I believe the importance of systematic theology can be defended by appealing briefly to a few areas of common agreement in church history. I will draw my examples from areas of the widest agreement among Catholic and evangelical churches. Critics of historic Christianity charge that each of the following dogmas results from philosophical systems being imposed on the simple biblical text. I will try to show that those who accept these essential Christian claims have no basis for rejecting the possibility of systematic theology.
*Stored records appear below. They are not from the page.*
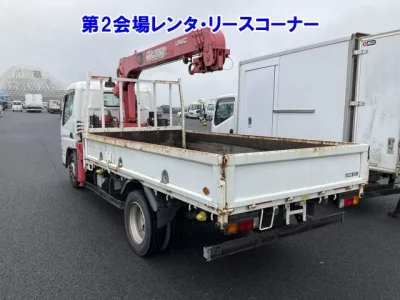 NISSAN NT450 ATLAS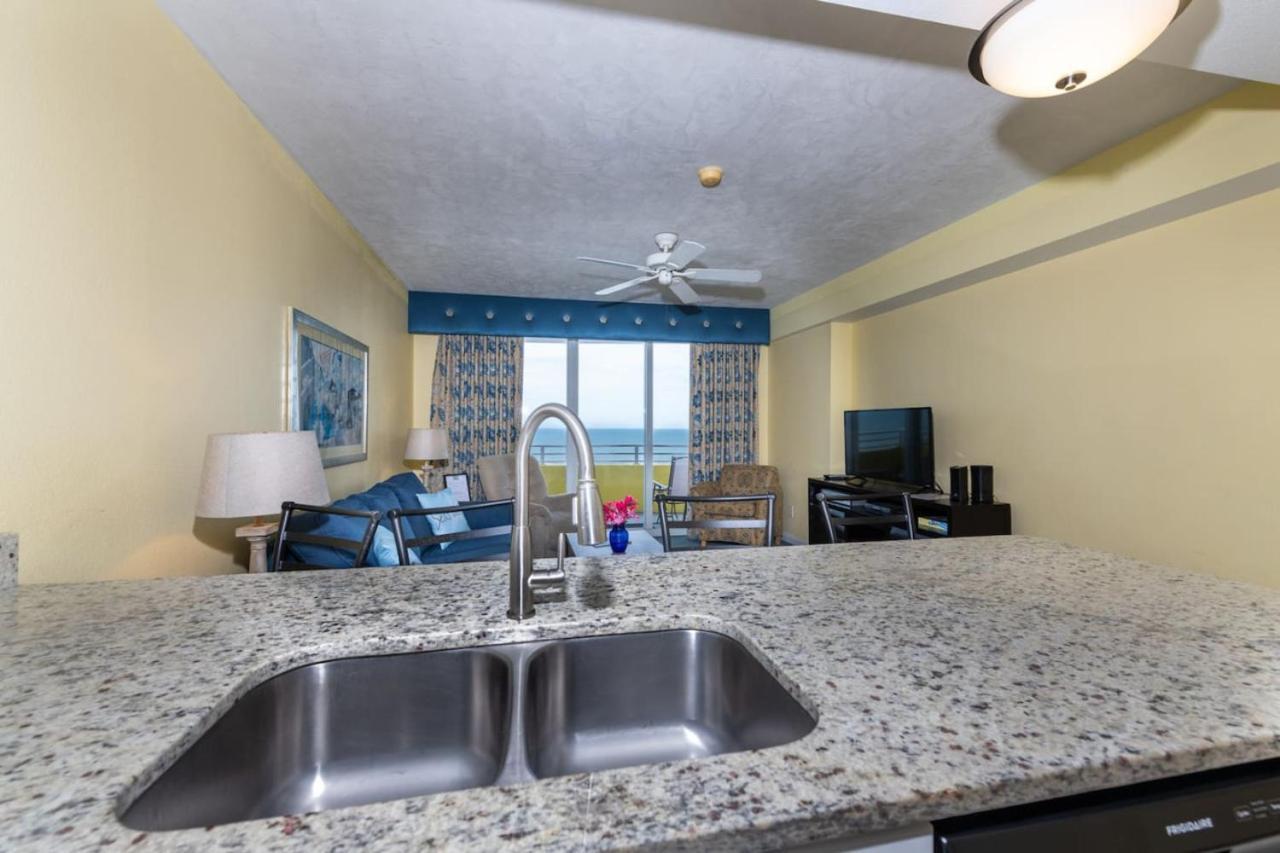 8Th Floor 1Br Stunner, Private Balcony, Ocean Walk Villa Daytona Beach Exterior photo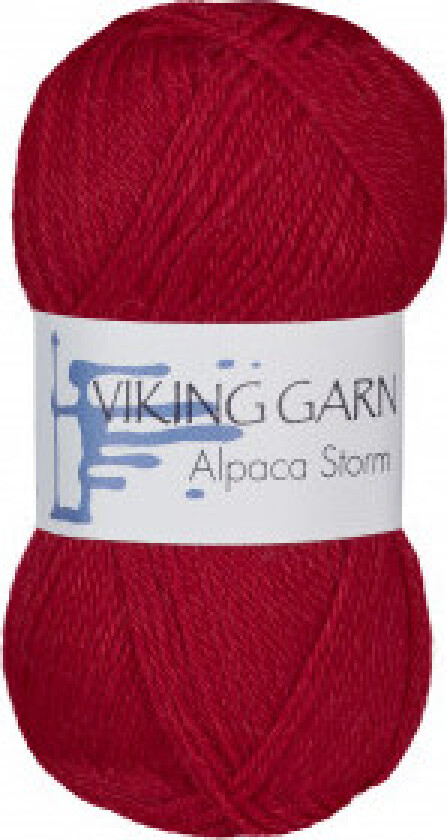 Viking Garn Alpaca Storm 560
One of the most noticeable features regarding the major dogmas of the Christian faith is that they are among the most philosophical in the sense that they draw heavily on precise and often quite technical metaphysical terminology. Even if the point they make is strictly determined by the biblical text, the language is often borrowed from secular (i.e., Greco-Roman), conceptual “toolboxes.” And why not? After all, no one can communicate apart from some particular cultural-linguistic environment, not even the biblical writers! So the crucial question is never whether some doctrine sounds philosophical or technical, but whether it arises from Scripture or some other source.
From the very beginning in the development of our understanding of God’s unity and plurality, secular concepts were inevitably used to communicate divine revelation. Thus, John the Evangelist writes, “In the beginning was the Word [the Greek word is logos], and the Word was with God, and the Word was God. He was with God in the beginning. Through him all things were made; without him nothing was made that has been made…. The Word became flesh and made his dwelling among us” (John 1:1-3, 14). John’s use of the term logos is important and we would miss an essential point if we simply thought that he was using this word without any regard to the contextual meaning it had for his readers.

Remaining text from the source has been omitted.